The author of Holy Living then questioned the ministers regarding the oath of supremacy, and offended them much by comparing them to Papists; on which they returned to their brethren at Lisburn, and the latter "saw themselves in a hard taking, yet encouraged one another to fidelity and steadfastness".

"The next day", continues Adair, "was the Bishop's visitation in Lisnegarvy, where he himself preached, but none of the brethren except two went to hear him. Thereafter in his visitation all were called and none appeared; yet he did nothing farther that day." Later "two of the former four and another brother were sent to him to see if he would call all the brethren together to his chamber to confer with him, which they apprehended he had proposed at Hillsborough; especially from his saying it was not fit for them to appear in public. When accordingly they went, and proposed this to him, he wholly waived to answer their question, and fell angrily on reflections on Presbyterial government; having nothing to reflect on any particular brother, or on the particular actings of the Presbytery in this country, though fain he would if he could; and withal proposing arguments for conformity, which engaged the brethren in some discourse of that nature.

"Notwithstanding his own expressions the day before respecting their not appearing at the visitation, yet he now alleged it was contempt made the brethren not appear on that occasion. One said it was the awe of God and conscience that made them not appear. He replied a Jew or a Quaker would say so much for their opinions, and everybody would use that argument for the vindication of their erroneous courses. There were also some few of the brethren whom he called to him to engage them to conformity, and gave them great offers of kindness and preferment; but he obtained not his purpose."

Adair's narrative has been thus long dwelt upon because it proves the spirit which the Bishops, now restored, carried with them into Ireland. As far as is shown in the accounts of both parties, the behaviour of the Presbyterians was moderate and forbearing, and they showed no inclination to resist the will of the civil government. The visitation at Lisburn was followed by the simultaneous expulsion of all the Presbyterian ministers in Jeremy Taylor's diocese of Down of Connor, from their pulpits and livings, the example of the English Chrysostom being followed in other dioceses.

The expelled ministers were at once deprived of all support which they had derived from their parishes, turned upon the world to seek a living on their own resources, and, what to them was the greatest punishment of all, forbidden to preach or exercise their calling in public.

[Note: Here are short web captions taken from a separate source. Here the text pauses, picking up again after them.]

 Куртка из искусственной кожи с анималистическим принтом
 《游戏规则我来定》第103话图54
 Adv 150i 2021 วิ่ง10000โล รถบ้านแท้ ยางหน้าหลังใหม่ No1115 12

On the 27th of May an order of Parliament was passed condemning the Covenant as "schismatical, seditious, and treasonable", ordering it to be burnt in all cities and towns by the common executioner, and requiring the chief magistrate of the place to be present and see the order executed on the next market-day after its receipt. It was further declared that "whosoever shall, by word or deed, by sign or writing, go about to defend or justify the said treasonable covenant, shall be accounted and esteemed as an enemy to His Sacred Majesty and to the public peace and tranquility of His church and kingdom".